Снова страшный скрежет — видно, откусил еще ломоть от трубки.
— Твои условия, гаденыш?!
— Не обзывайся, Миш, обидно ведь. Ты же человек воспитанный. Такая девушка тебя полюбила. Я смотрю на нее…
— Архитектор!
— Да, Миш?
— Не зарывайся.

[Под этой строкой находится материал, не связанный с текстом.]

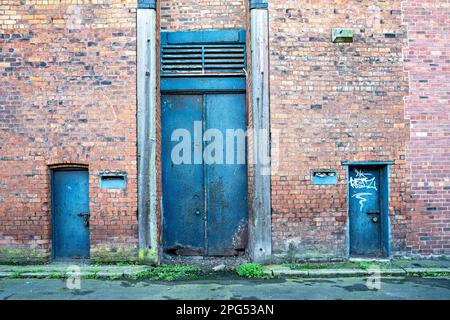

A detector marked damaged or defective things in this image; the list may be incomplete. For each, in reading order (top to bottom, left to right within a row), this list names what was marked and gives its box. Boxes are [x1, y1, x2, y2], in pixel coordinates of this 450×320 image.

rusty door surface [161, 92, 246, 255]
cracked concrete ground [0, 278, 448, 300]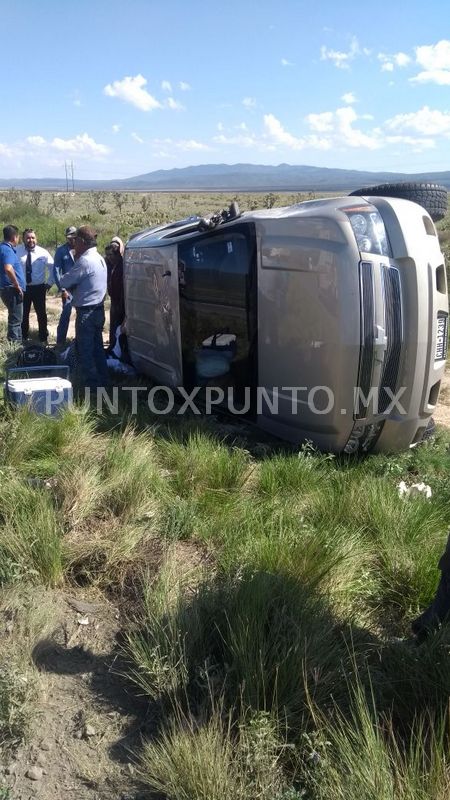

Сегодня у тебя козырь, завтра его не будет.
— Опять пугаешь, Миш? Ой, все, вешаю трубку, побежал в туалет.
Трубку повесил, спросил у Гречанинова:
— Ну как?
— Почти безупречно, — признал наставник.
— Фотография действительно существует?
— Конечно. Блеф тут неуместен.
— Он крепко напугался.
— Ты еще не совсем представляешь, кто такой Могол. Он с гор недавно спустился, а Лера его единственная дочь.
Катя позвала нас на кухню, чтобы еще разок попить чайку. Обсуждали животрепещущую проблему: как ее одеть, чтобы она не чувствовала себя беспризорной. Идти в магазин в пижаме она не хотела, но понимала, что без нее мы только выкинем денежки на ветер.
— Впредь будешь бережнее со своими вещами, — справедливо заметил я.
Снова вернулись к телефону. Четвертачок ответил мгновенно. Теперь его было не узнать: голос приветливый и задушевный.